North Korea sees such exercises as a rehearsal for war and warned South Korea they would endanger a tentative thaw in relations between the two Koreas, which reopened hotlines last month, a year after Pyongyang suspended them.
Shortly after preliminary training for the exercises began last week, North Korea stopped answering the hotlines and Kim Yo Jong, sister of North Korean leader Kim Jong Un, accused Seoul of "perfidious behavior".
Kim Yong Chol, another senior North Korean official, said Seoul and Washington faced a "serious security crisis" because of their "dangerous choice".
North Korea is staging its own summer exercises, but South Korean Defence Minister Suh Wook told legislators there were no unusual military movements from the North and dismissed media reports it was preparing to test-fire missiles.
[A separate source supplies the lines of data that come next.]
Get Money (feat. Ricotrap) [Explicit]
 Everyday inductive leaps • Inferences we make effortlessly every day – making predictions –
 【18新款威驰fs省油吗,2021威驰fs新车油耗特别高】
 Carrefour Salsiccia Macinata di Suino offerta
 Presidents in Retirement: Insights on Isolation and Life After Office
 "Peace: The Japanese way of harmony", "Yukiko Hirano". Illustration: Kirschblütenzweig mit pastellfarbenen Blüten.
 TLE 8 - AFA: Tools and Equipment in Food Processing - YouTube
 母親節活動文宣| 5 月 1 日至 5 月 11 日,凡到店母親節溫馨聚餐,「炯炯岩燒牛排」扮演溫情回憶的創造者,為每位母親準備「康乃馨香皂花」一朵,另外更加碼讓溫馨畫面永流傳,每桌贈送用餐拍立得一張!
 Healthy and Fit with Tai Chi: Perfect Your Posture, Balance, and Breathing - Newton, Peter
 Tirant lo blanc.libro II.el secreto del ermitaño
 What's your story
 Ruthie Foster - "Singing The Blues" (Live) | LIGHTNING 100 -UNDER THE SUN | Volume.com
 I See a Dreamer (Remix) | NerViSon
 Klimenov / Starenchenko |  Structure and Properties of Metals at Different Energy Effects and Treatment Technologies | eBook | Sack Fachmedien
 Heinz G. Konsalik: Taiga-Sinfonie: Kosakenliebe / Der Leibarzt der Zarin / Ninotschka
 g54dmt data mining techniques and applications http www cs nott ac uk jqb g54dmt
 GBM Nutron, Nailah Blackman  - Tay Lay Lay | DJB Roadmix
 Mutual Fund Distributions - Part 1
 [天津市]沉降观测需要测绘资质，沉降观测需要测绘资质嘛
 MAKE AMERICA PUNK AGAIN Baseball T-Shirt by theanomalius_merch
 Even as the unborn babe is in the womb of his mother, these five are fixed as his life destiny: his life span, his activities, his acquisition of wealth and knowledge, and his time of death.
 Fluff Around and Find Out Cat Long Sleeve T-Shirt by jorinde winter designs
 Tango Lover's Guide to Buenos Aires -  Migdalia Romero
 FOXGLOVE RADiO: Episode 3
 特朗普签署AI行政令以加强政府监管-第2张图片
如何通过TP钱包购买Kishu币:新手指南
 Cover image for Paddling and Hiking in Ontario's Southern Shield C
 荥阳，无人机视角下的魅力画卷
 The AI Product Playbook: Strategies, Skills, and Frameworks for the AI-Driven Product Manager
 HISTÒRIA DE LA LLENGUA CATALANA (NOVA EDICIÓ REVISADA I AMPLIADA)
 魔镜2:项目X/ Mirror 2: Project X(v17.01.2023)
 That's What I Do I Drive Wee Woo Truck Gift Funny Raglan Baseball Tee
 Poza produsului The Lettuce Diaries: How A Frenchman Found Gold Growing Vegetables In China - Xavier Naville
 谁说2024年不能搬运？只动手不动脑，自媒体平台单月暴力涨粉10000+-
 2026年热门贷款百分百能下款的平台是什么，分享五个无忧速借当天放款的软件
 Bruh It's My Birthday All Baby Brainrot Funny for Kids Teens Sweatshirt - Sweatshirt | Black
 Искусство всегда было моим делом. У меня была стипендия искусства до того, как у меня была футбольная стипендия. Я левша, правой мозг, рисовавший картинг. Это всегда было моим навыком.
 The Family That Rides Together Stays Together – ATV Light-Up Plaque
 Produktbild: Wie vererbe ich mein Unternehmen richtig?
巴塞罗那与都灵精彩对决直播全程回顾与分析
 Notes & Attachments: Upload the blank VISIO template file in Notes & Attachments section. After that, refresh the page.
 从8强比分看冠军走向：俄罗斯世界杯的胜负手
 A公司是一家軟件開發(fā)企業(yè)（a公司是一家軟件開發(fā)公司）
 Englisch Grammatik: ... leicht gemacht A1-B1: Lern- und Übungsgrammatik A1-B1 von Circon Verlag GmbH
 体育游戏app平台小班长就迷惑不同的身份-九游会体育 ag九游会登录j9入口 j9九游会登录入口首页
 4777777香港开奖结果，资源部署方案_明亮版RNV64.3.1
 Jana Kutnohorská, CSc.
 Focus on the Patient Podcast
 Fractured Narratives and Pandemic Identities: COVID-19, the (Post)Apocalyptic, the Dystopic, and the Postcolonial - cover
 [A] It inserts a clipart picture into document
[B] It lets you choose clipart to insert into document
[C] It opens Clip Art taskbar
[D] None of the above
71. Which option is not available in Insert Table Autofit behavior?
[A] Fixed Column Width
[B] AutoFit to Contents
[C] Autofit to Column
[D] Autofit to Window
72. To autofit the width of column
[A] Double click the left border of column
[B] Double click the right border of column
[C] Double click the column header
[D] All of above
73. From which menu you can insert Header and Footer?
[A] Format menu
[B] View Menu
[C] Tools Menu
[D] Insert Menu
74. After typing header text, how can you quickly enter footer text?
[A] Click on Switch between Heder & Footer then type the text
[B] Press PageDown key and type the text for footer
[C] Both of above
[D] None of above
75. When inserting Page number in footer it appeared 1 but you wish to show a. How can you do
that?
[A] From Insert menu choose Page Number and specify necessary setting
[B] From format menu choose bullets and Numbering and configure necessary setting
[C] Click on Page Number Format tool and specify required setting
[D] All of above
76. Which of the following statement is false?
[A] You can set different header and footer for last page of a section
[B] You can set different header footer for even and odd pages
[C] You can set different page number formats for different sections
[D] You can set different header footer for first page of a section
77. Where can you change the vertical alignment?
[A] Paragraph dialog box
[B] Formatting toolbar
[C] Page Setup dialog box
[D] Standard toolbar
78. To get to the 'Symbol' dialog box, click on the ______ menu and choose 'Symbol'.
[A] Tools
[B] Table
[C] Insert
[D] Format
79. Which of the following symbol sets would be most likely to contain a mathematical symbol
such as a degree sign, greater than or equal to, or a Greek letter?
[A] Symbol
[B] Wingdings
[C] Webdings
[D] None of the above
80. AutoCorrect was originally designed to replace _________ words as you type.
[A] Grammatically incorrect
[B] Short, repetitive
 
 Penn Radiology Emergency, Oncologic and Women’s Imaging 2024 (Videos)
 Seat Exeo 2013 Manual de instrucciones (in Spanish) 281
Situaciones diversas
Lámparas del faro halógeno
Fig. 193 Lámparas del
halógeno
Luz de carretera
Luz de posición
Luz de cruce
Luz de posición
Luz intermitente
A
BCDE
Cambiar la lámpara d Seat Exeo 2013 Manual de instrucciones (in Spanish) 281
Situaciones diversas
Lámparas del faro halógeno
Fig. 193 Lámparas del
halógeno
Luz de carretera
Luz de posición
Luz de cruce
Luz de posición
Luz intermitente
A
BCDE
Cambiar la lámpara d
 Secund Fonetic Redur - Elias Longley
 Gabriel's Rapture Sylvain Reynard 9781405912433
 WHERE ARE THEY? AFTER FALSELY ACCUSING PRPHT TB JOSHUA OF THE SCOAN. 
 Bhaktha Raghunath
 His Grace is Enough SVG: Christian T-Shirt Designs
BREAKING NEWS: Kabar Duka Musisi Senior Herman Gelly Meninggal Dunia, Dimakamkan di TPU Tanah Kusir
U.S.-South Korean exercises have been scaled back in recent years to facilitate talks aimed at pressing North Korea to dismantle its nuclear and missile programs in return for U.S. sanctions relief, but the negotiations collapsed in 2019.
U.S. President Joe Biden's administration has said it will explore diplomacy to achieve North Korean denuclearization, but shown no willingness to ease sanctions.
Sung Kim called during his last visit to Seoul in June for a "positive response" from the North to U.S. offers to "meet anywhere, anytime without preconditions."
North Korea has conducted six nuclear tests but suspended them and long-range missile tests in 2018, shortly before Kim Jong Un met then-U.S. President Donald Trump in Singapore.